Taylor was also a struggling single parent with what she describes as “no real identifiable
career track.” She felt imprisoned.
“My life wasn’t turning out the way I had planned,” Taylor says. “I was miserable.”
The unexpected connection Taylor experienced at the prison inspired her to volunteer
at Terminal Island federal prison in San Pedro, California. She led discussions with
inmates about being in prison, feeling trapped, and how to change their lives. As
she listened to the men she began to understand her own internal prison.
“They’d say, ‘I’m internally free,’ ‘I found God,’ or ‘I found education,’” and I
thought, ‘Wow, these men are happier than I have ever been. Why?’ In helping the prisoners,
I was really helping myself,” Taylor says. “I remember thinking, ‘Miracles could happen
here. There is unlimited potential for healing and to change from the inside out.’
I knew I could help them and I thought they could help me, too.”
Over the next decade, as Taylor listened to inmates discuss how they coped and improved
their behavior despite confinement, she discovered her own healing and happiness.
Inspired to share with other prisoners what she’d learned, Taylor developed a leadership
development/positive reinforcement training curriculum that prisoner participants
describe as a “way of life” to help incarcerated men and women transform themselves
into happy, productive citizens of their communities. She called it Getting Out By
Going In, or GOGI.
“People are always telling us the answers to our greatest problems, but we often refuse
to listen. When we really listen, all of the answers are right there,” Taylor says.
“The prisoners taught me the tools which gave me my freedom and now I am obligated
to share them with the men, women, and children who are in jails and prisons throughout
the United States.”
A nonprofit fully staffed by volunteers, GOGI helps rehabilitate prisoners through
the teaching of 12 core positive decision-making tools in group workshops and self-teaching.
Taylor and her team of formerly incarcerated coaches travel to prisons to teach actions
like “Five Second Light Switch” (replace
old, automatic thoughts with new, positive behavior) and “Positive Actions: The Three
Ps” (Is it powerful?
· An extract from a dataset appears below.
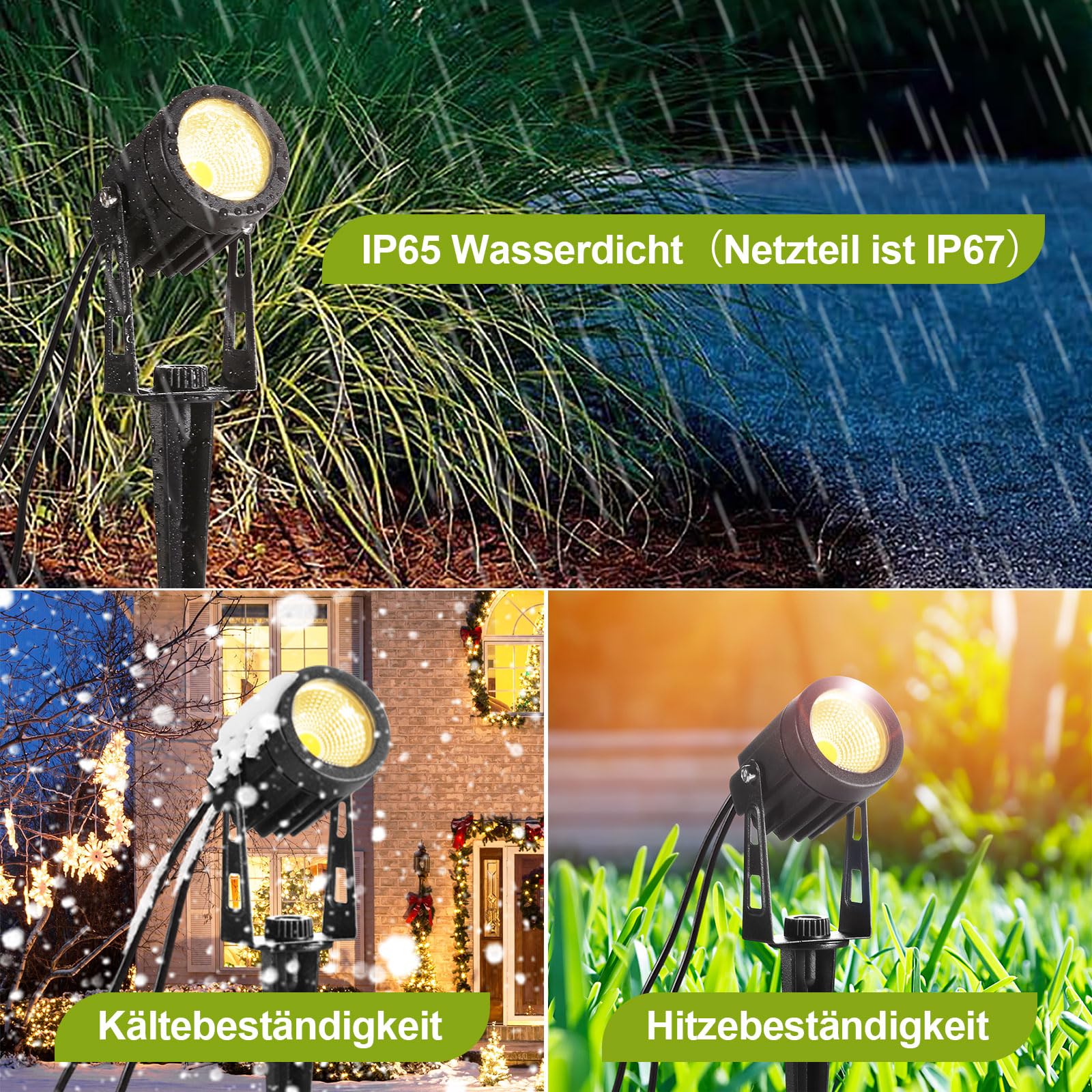 B-right Focos Led Exterior, 21m LED Focos jardín con Estaca, Luz de Jardín Exterior Blanco Cálido, Luces Exterior Jardin IP65 Impermeable, Focos de Jardín al Iluminación de Caminos para Césped, Patios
Is it productive? Is it positive?).
GOGI is introduced in different ways. Often, one prisoner shares their donor-paid
GOGI book with their cellmate. When a significant number of inmates at a prison study
GOGI, they often request a workshop, which is also donor-funded. Workshops are run
by Taylor and other volunteers, who are known as “coaches.” The GOGI books and training
materials have reached tens of thousands of prisoners in 37 states, and counting.
The GOGI mailroom receives hundreds of letters each week from prisoners requesting
information, or reporting on their weekly GOGI group meetings in their respective
facilities.
Taylor wishes GOGI could reach more inmates, but the organization is donation driven
and fundraising is limited since much of the support comes from former and current
inmates and their families.
“Coach Taylor is an incredible human being who’s given her whole life to this cause,"
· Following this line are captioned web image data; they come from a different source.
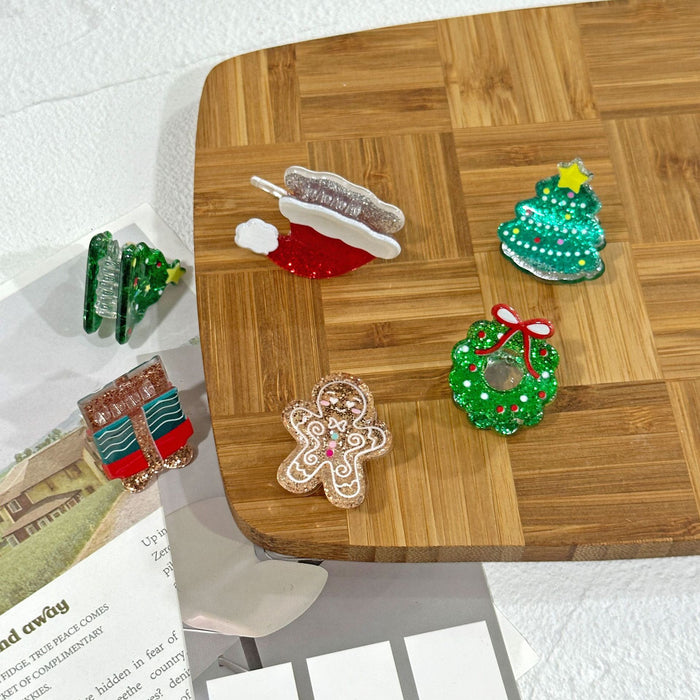 Wholesale Christmas Acrylic Kids Hair Clips Cute Santa Gingerbread Small Flat Grippers Party Hair Accessory For Resale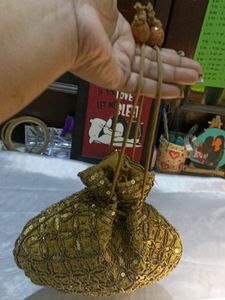 Golden Moti Work Potli Bag For Wedding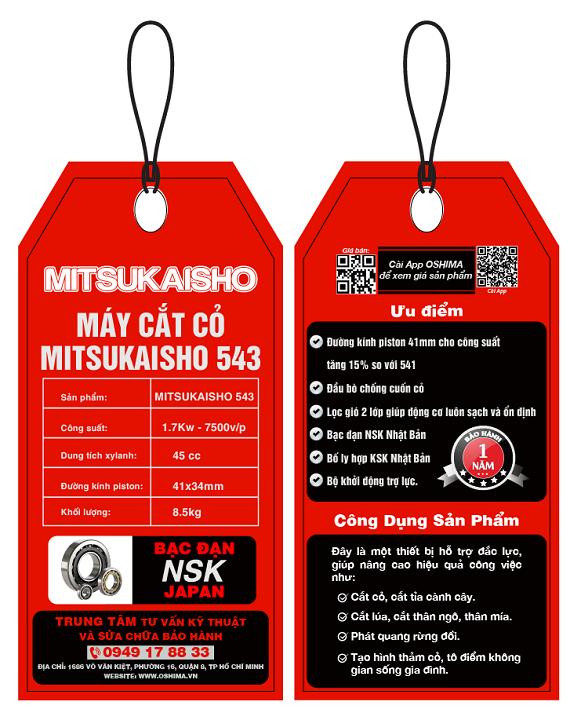 Máy cắt cỏ chạy xăng 2 thì 1.7KW MITSUKAISHO 543
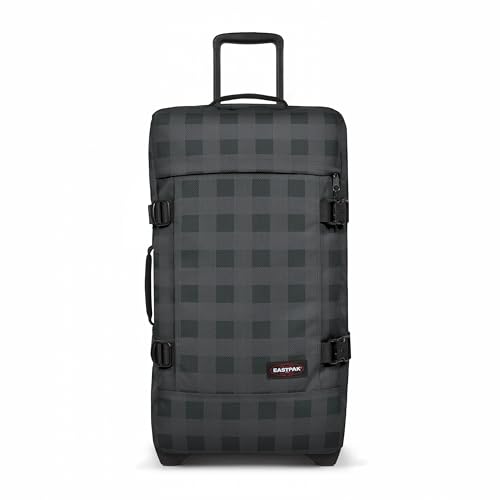 Image of EASTPAK Tranverz M - 78L Medium Soft Sided Checked Luggage, Dual Compartments, TSA Lock, Compression Straps & Smooth Inline Wheels, Checker Dark Grey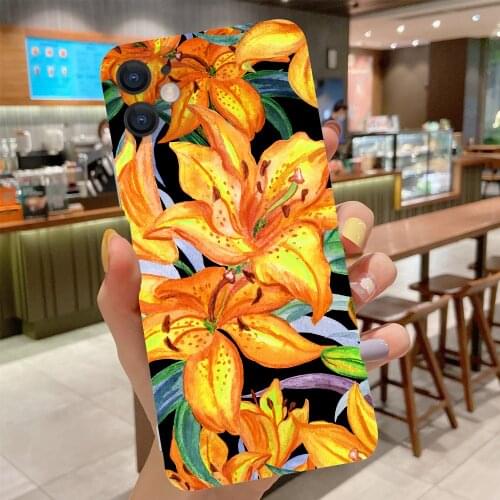 Hand Painted Flowers Case For Oppo Realme C21 C12 7 7i 8 Pro C3 Matte Soft Silicone Pattern Shockproof Anti-fall Back Phone Case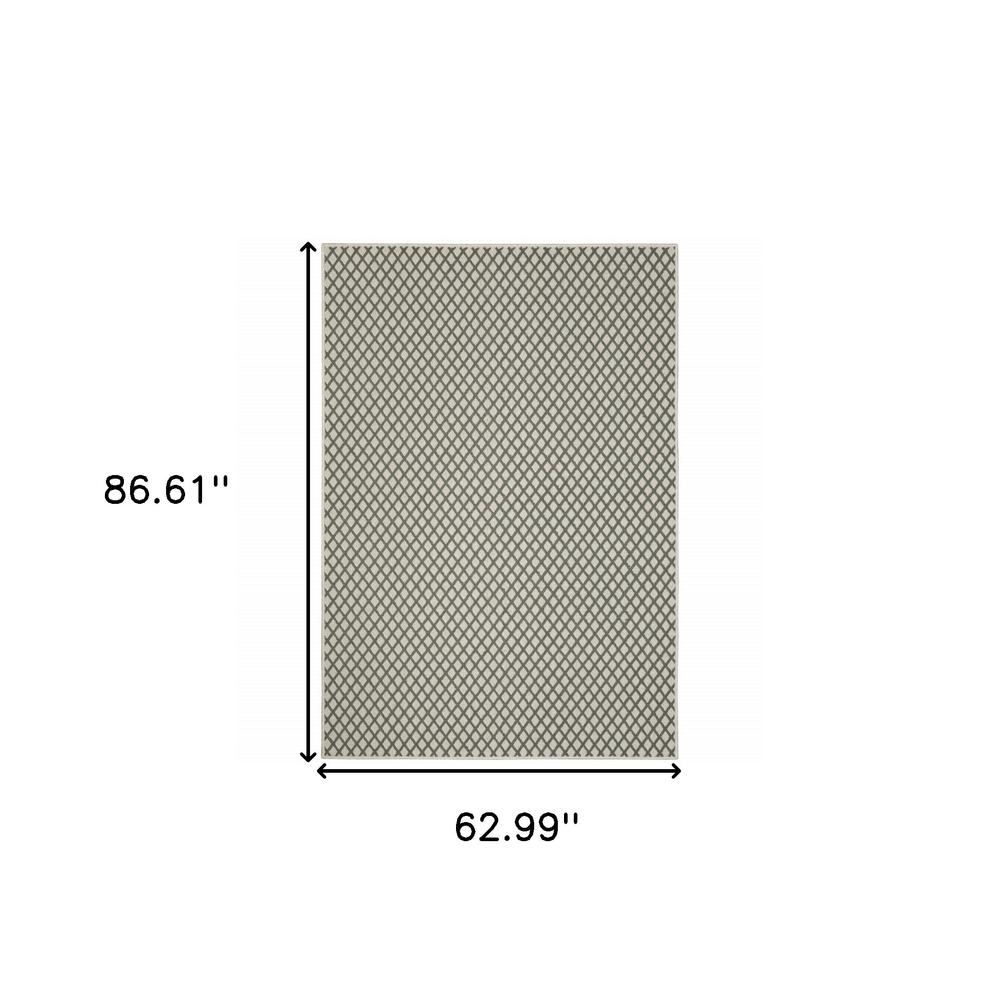 5' x 7' Beige Geometric Stain Resistant Indoor Outdoor Area Rug. Picture 9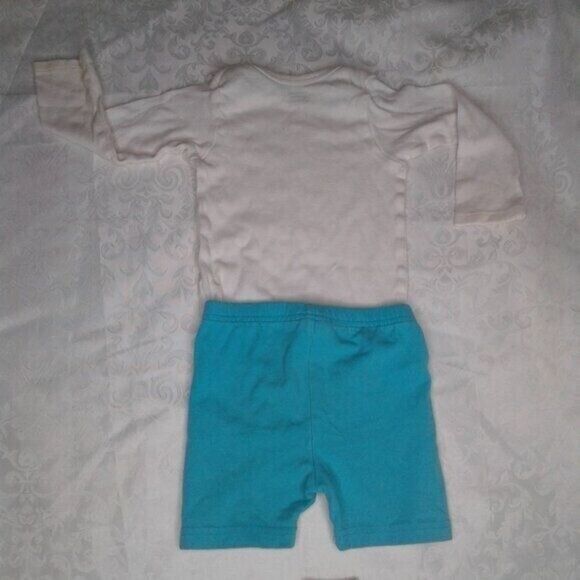 OshKosh Circo Gerber Baby Girl 12 Month Outfits Bundle Onesie Shorts Socks Teal - Picture 6 of 9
says Leigh Erin Carlson, GOGI national director of programs. “She’ll often say about
its success that, ‘It’s not me, it’s because of the prisoners.’”
GOGI has been instrumental in helping thousands of inmates at the Correctional Training
Facility (CTF) in Soledad, California, to accept responsibility for their actions,
and to make positive changes in their lives as they reenter society, says warden Marion
Spearman.
“GOGI has also helped my men exhibit pro-social behavior, thus leading to a positive
culture within the walls of the CTF,” Spearman explains. “GOGI has transformed many
lives and has instilled hope in many who had no hope.”
Following the principles not only in prison, but also upon release, is the key to
success in the outside world. Many continue with GOGI as volunteer facilitators. The
goal is for GOGI tools to become a way of life.
Taylor’s idea of empowering prisoners with tools for positive decision making and
then letting them create a positive prison culture seems to be working. Two recent
studies in California and Utah indicate that GOGI participants have a significantly
lower reoffending rate. In Los Angeles County, with one of the nation’s highest overall
re-offending rates at 85 percent, that figure dropped to 35 percent among GOGI participants.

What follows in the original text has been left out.